A! Magazine for the Arts

Charles Vess

Charles Vess

Charles Vess releases new novel inspired by a dream and a ballad

September 27, 2022

World-renowned artist Charles Vess, who has had a 50-year career of illustrating comic books and fantasy works, has now written his debut novel, “Queen of Summer’s Twilight.”

The novel was born from a dream that Vess had about two people racing across a field on a motorbike with a trail of burning grass in their wake. It was also inspired by the Ballad of Tam Lyn.

When teenager Janet Ravenscroft is rescued from the night-time streets of Inverness by a mysterious man in a black automobile, little does she imagine what lies in store. How could she know that this man holds the key to the mysteries that have plagued her life: her mixed heritage, her father’s casual cruelty, her mother’s absences and her sense that she has never belonged?

Janet’s search for answers leads her from the familiar world of contemporary Scotland to the realm of faerie.

Fantasy writer Charles de Lint says that the novel “is just the sort of antidote we need these days, brimful as it is with a sense of wonder.”

Vess has been drawing since he was a child. His long list of accomplishments includes cover and interior art for Marvel, DC, Tor and Subterranean Press, as well as many illustrated books and graphic novels for which he has won two Hugo, four World Fantasy, three Chesley, two Locus, a Mythopoeic and two Will Eisner Awards.

His four-year collaboration with Ursula Le Guin resulted in a fully illustrated edition of all her Earthsea stories. Last year saw the release of “Honeycomb,” written by Joanne M. Harris with color and black and white illustrations by Vess, and “The Art of Stardust,” an informal history written by Vess, with an introduction by Neil Gaiman.

You can find Vess at www.greenmanpress.com and Charles Vess on Facebook.

Where did “Queen of Summer’s Twilight” come from?

By Charles Vess

Over 10 years ago, I woke up one morning with the remnants of a dream still buzzing in my head. In that dream I was on a high outcropping rock looking down on a vast yellowed field of dead grass and blackened trees. Riding across that field were two people on a motorcycle that was leaving a burned path of grass behind. Somehow, I knew right away that that landscape was the realm of faerie.

As I got up and put my clothes on, I started humming the iconic Richard Thompson song “Vincent Black Lightning” under my breath, thus naming the cycle.

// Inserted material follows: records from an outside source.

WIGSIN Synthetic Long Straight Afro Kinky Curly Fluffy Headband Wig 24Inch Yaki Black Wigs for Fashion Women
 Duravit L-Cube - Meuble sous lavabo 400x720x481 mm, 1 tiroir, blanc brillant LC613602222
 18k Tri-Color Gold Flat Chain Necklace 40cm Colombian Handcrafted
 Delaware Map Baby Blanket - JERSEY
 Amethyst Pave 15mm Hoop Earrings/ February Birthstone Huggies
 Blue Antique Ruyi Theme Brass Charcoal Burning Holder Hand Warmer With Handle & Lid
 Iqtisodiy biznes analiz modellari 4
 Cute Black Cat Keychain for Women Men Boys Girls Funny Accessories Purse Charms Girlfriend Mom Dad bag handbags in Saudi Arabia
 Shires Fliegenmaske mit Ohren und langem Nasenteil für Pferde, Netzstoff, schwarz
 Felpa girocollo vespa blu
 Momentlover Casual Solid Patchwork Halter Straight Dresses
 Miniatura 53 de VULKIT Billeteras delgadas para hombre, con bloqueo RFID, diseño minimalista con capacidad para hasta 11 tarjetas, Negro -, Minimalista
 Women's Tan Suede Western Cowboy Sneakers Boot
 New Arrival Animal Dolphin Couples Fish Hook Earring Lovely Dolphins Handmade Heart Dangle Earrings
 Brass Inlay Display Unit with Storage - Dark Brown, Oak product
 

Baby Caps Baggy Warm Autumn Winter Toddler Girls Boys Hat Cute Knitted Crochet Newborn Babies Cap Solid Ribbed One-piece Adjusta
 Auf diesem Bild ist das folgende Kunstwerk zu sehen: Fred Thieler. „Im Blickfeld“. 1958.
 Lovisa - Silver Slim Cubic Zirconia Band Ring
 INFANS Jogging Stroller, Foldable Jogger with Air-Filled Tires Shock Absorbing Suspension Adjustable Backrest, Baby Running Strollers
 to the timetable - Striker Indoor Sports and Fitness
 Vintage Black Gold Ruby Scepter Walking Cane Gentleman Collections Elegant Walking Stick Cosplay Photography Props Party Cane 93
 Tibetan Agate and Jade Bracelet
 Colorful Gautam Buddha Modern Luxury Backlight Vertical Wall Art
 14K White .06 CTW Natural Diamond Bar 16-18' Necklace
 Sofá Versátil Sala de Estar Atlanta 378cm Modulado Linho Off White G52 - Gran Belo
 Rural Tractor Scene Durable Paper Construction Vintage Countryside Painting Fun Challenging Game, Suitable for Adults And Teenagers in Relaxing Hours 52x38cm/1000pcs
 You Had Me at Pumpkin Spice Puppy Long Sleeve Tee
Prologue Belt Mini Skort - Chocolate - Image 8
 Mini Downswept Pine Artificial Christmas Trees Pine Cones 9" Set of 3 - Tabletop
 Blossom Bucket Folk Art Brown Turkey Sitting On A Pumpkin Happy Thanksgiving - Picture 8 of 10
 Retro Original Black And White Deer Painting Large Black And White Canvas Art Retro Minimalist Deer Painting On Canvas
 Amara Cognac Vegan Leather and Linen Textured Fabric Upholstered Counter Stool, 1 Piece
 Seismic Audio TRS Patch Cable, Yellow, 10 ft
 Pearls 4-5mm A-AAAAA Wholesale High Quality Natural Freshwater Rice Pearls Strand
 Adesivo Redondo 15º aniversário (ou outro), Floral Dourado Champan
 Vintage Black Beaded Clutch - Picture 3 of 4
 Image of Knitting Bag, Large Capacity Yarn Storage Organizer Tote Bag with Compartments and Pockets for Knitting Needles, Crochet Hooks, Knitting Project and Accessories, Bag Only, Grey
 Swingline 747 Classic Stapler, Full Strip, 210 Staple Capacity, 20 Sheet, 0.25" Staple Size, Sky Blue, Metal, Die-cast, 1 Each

Then, driving into the studio that morning, the two people on the bike started talking to each other in my head. I let them.

Over the next six weeks they and other characters kept talking to me and, not being a fool, I wrote it all down. Mornings, before I began work on my art deadlines, became a mad dash to scribble all the words that streamed through my head to the pad of paper.

When their voices finally grew still, I realized that I had a rough story outline with beginning, middle and an end.

My ‘gift,’ from who knows where, was in fact a novel.

I typed it up and for months, and years to come, I continued to tinker with the story, rearranging scenes and inserting dialogue. [Friends] read my story and made suggestions that sometimes had me rewriting vast chunks of narrative.

In the course of time the manuscript also passed in and out of the hands of two separate agents who both confessed that they didn’t know what to do with my story. Mostly they worried about the reception it might receive from today’s hypercritical audiences since I was an older white man writing about a protagonist who is a young woman of color.

All I can say in my defense is that I wrote the story that I was compelled to write, so please forgive me if indeed I have offended any of my readers.